Sisi adalah salah satu
dari mereka yang benar-benar perduli. Aku bisa memastikan hal itu. Jadi, Aku
pun mengangguk.
Sejak hari itu, aku
terus disemangati oleh kedua orang tuaku untuk tidak terlalu mempermasalahkan
wajahku, dan mereka rela untuk membiayai perawatan wajahku kepada dokter tapi
aku tidak mau, karena jujur saja, Aku tidak suka dengan cream yang
berasal dari sana. Sisi pun setiap hari selalu memberikan pengaruh positif.
Lambat laut Aku pun merasa terbiasa dengan keadaan mukaku yang berjerawat,
namun tidak sepenuhnya, Aku terkadang juga masih merasa sangat malu untuk
keluar jalan-jalan.
Suatu hari saat Aku
berada di ruang tamu, Aku sedang menjelajahi dunia maya. Hingga aku terpaku
pada salah satu akun perempuan. Kenapa aku tertarik kepada akun tersebut?
Karena kasus yang dimilikinya adalah sama dengan apa yang aku alami. Benar,
wajahnya ditumbuhi banyak jerawat, dan itu lebih banyak dari punyaku. Aku pun
melihat-lihat postingannya. Saat melihat, aku dibuat takjub dengan wajahnya ketika
memakai make up, sungguh cantik. Terlebih lagi aku dibuat takjub dan merasa
kecil adalah pada saat melihat postingannya yang menunjukkan wajahnya yang
tanpa dandan dengan bangga. Pun pada captionnya.
Perasaanku langsung
terenyuh. Bersalah karena membuat orang tua repot, bersalah karena menyiksa
diri sendiri dengan terus berpikiran buruk. Aku iri pada perempuan itu, aku
tidak bisa seberani dan sebangga dirinya. Namun saat itu aku langsung sadar. Aku kembali memantapkan hati, memperkokoh
perasaan, dan membangun ulang kebanggaan. Jadi, sejak melihat postingan itu, Aku
dengan sabar dan telaten merawat wajah
agar jerawatku hilang, pikiran juga sudah Aku atur kembali agar terus
berpikiran positif. Hingga sampai hari ini, Aku sudah sukses melewati masa itu.
Aku banyak berterima kasih kepada orang tuaku, Sisi, juga perempuan itu. Aku
merawat diriku sendiri dengan baik. Aku bahagia ... karena bahagia pada diri
sendiri membawaku terus merasakan rasa itu, entah aku berada di mana dan
melakukan apa.
Inilah sepenggal
kisahku saat remaja.
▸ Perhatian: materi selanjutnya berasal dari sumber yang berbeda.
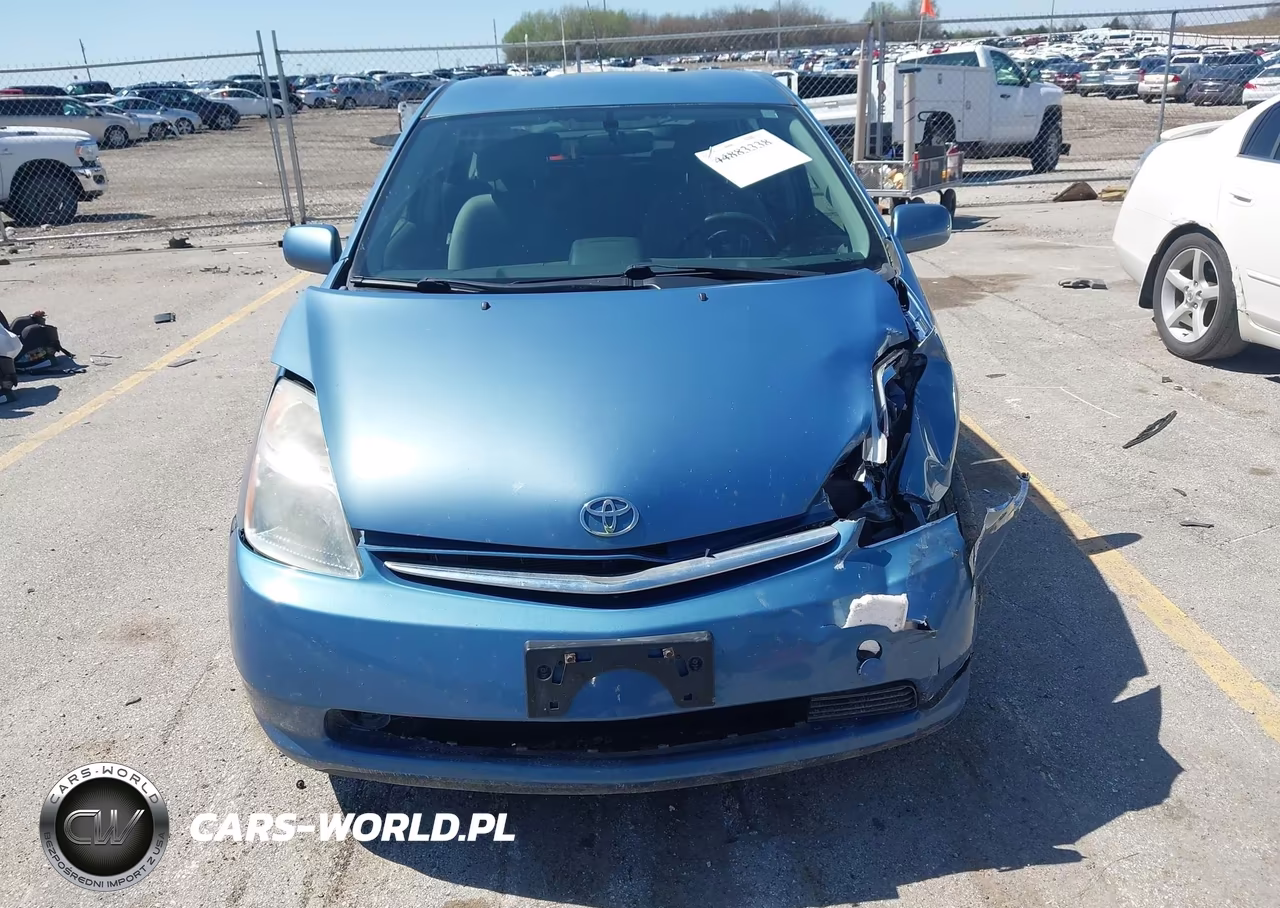 2006 Toyota Prius VIN:JTDKB20U967525298 - 13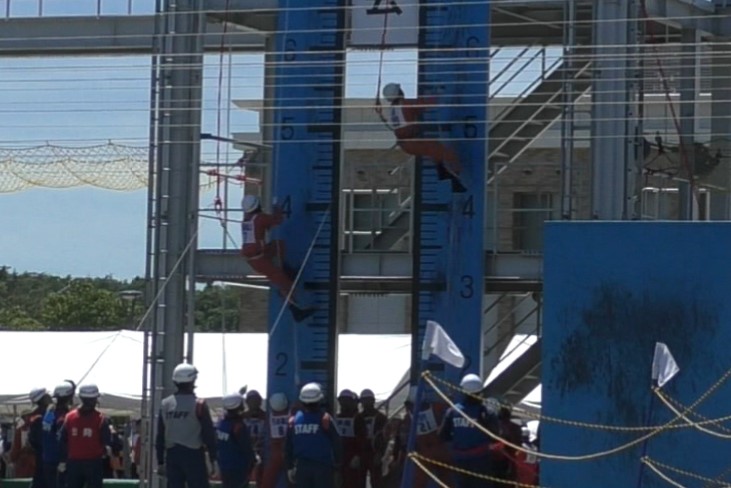 ロープ応用登はん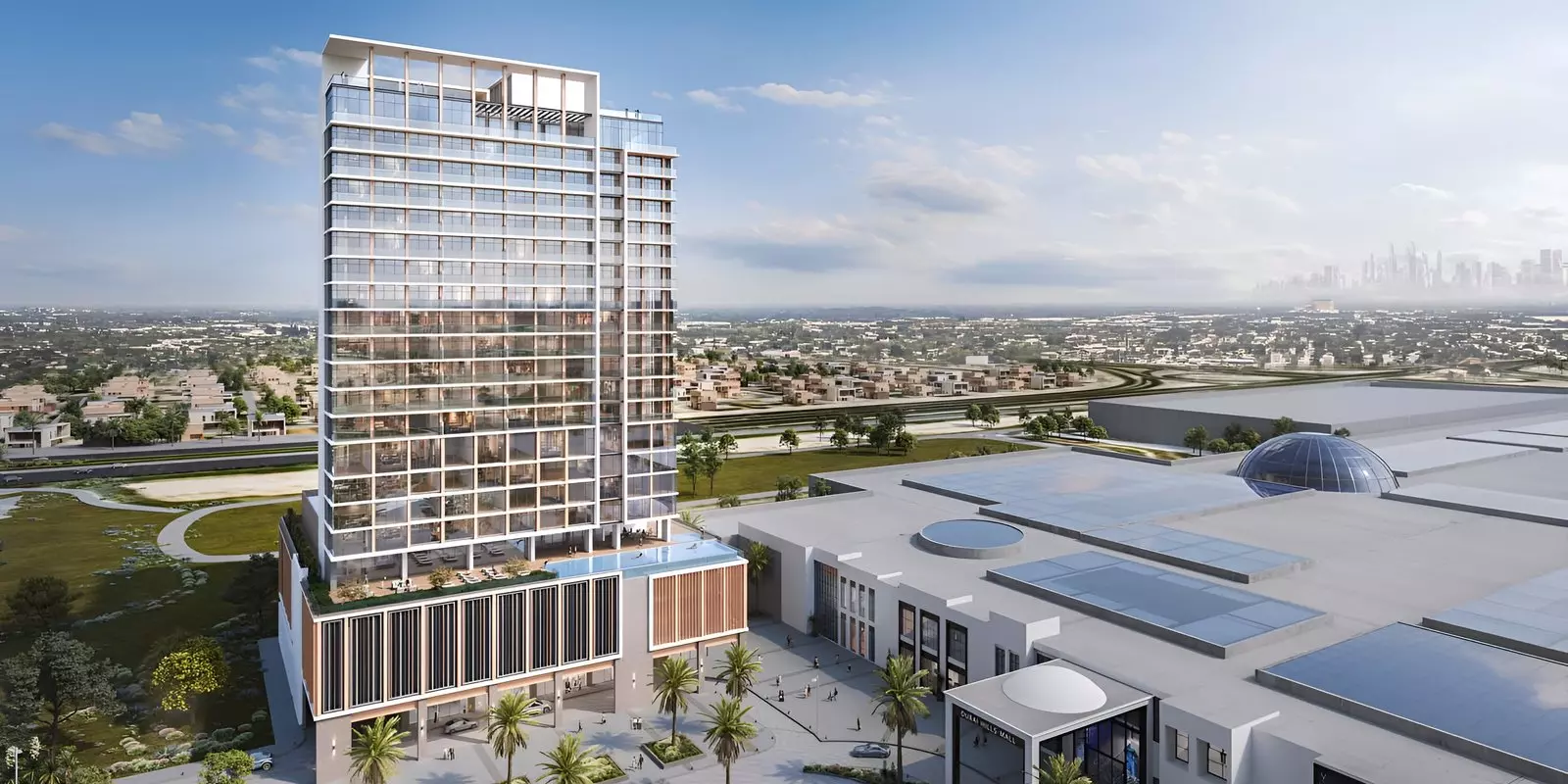 Image 2 of Mallside Residences by Royal Development Company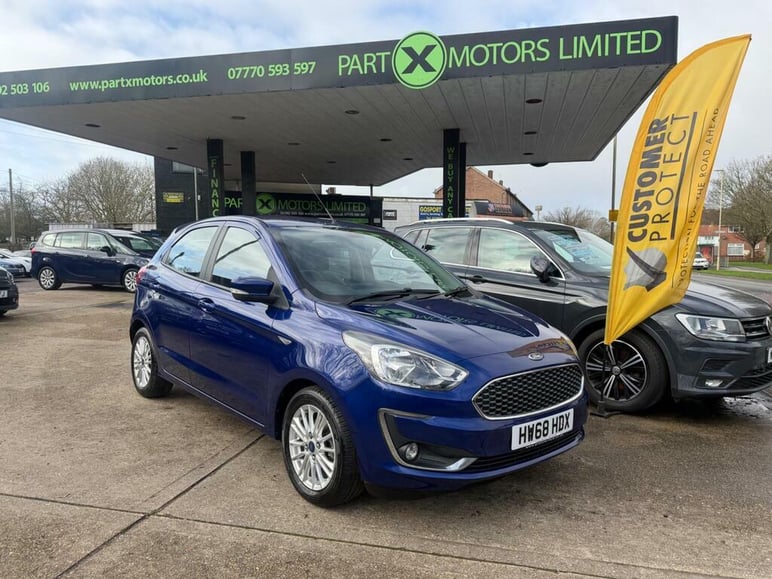 Ford Ka+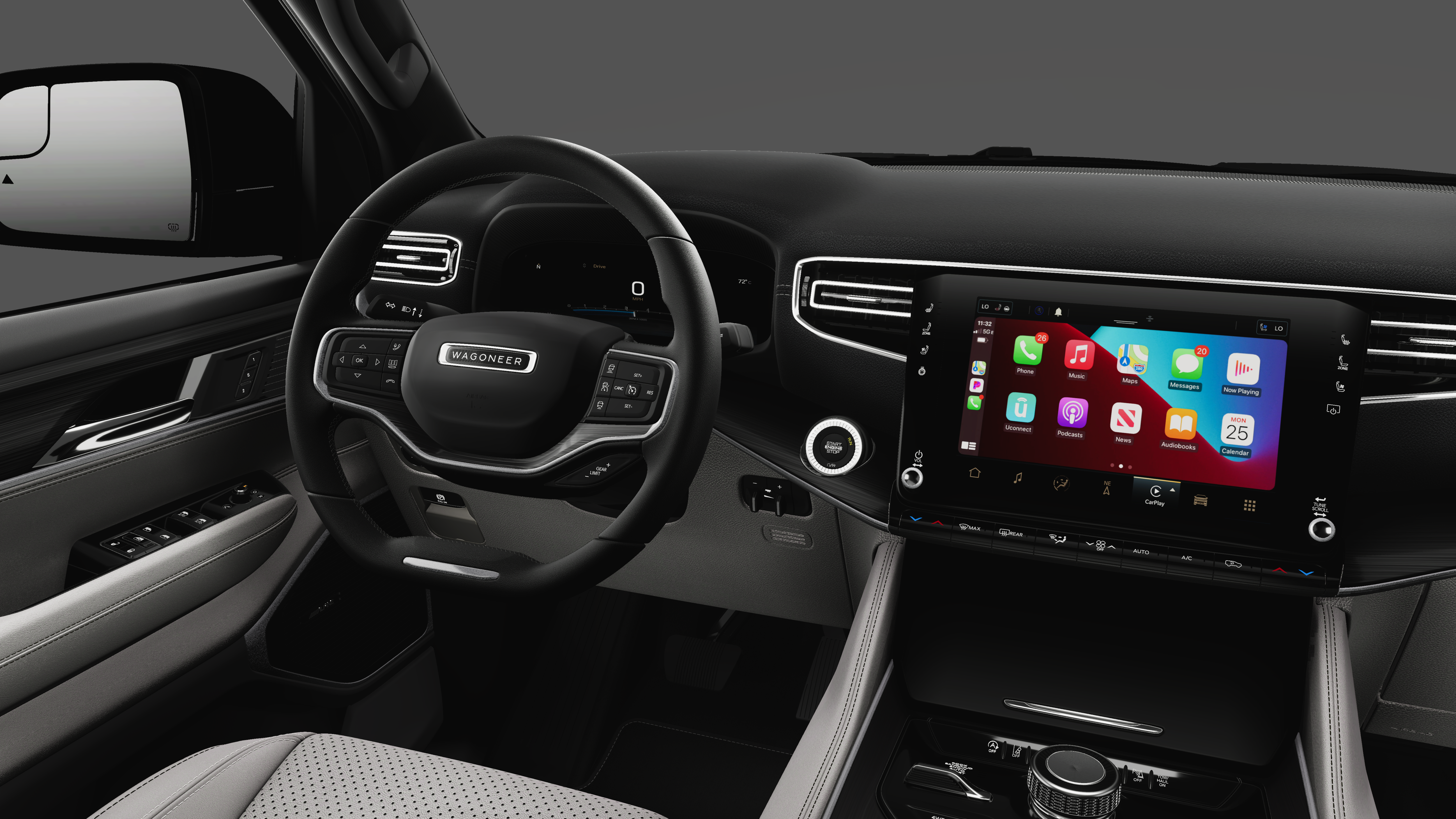 2025 Jeep Wagoneer Series I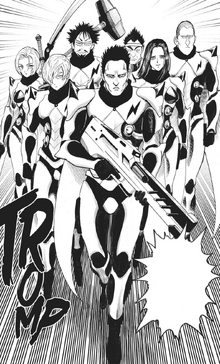 Narinki's Private Squad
Persoalan yang terlihat kecil, namun untuk seseorang yang
mengutamakan penampilan, itu adalah masalah yang besar. Untuk menutup kisah
singkat ini, Aku ingin memberikan sepatah dua patah lagi.
Apa pun warna kulitmu,
apa pun warna matamu, apa pun gaya rambutmu, tinggi, pendek, berjerawat,
bisulan, panuan, atau apa pun ... perempuan itu cantik. Kenapa? Karena hakikat
perempuan itu sudah ditakdirkan cantik. Yang membedakan adalah hati. Untuk kita,
para wanita, cintailah diri sendiri, berbanggalah. Jika sukses menanamkan hal
itu, kita akan bahagia dan bersyukur berlipat ganda.
Aku tidak menyesal
dengan insiden wajahku yang ditumbuhi jerawat, Aku banyak belajar dari hal itu.
Sekarang ... Aku bahagia di mana pun aku berada. Jadi setelah sepenggal kisah
ini, apa kalian sudah memiliki arti dari bahagia? Carilah arti itu, dan
tetaplah tersenyum. Mari merasakan bahagia yang sesungguhnya.